MLX uses lazy evaluation because it has some nice features:

## Transforming Computer Graphs

Lazy evaluation let us record a compute graph without actually doing any computations. This is useful for function transformations like `grad()` and `vmap()` and graph optimizations.

Currently, MLX does not compile and rerun compute graphs. They are all generated dynamically. However, lazy evaluation makes it much easier to integrate compilation for future performance enhancements.

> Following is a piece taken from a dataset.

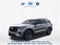 2026 Ford Explorer ST 4WD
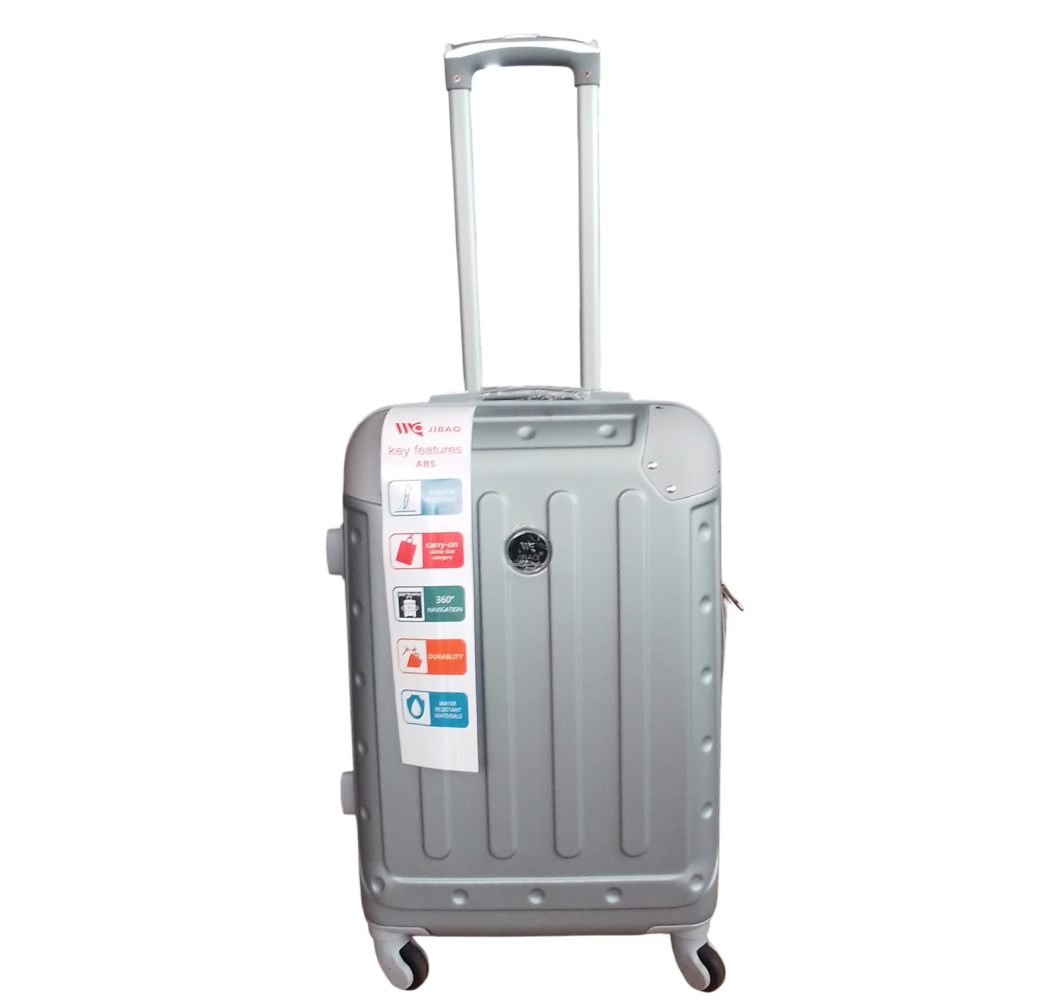 valise rigide ABS 18 kg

## Only Compute What you use!

In MLX you do not need to worry much about computing outputs that are never used. Similarly, lazy evaluation can be beneficial for saving memory while keeping the code simple. Say you have a very large model `Model` derived from `mlx.nn.Module`. You can instantiate this model with `model = Model()`. Typically, this will intialize all of the weights as `float32`, but the initialization does not actully computer anything until you perform an `eval()`. If you update the model with `float16` weights, your maximum memory consumend will be half that required.

## When to Evaluate?

A common question is when to use `eval()`. The trade-off is between letting graphs get too large and not batching enough useful work.
For example

In [15]:
for _ in range(100):
    a = a+b
    mx.eval(a)
    b = b*2
    mx.eval(b)

This is a bad idea because there is some fixed overhead with each graph evaluation. On the other hand, there is some slight overhead which grows with the compute graph size, so extremely large graphs (while computationally correct) can be costly.

Luckily, a wide range of compute graph sizes work pretty well with MLX: anything from a few tens of operations to many thousands of operations per evaluation should be okay.

Most numerical computations have an iterative outer loop (e.g. the iteration in stochastic gradient descent). A natural and usually efficient place to use eval() is at each iteration of this outer loop.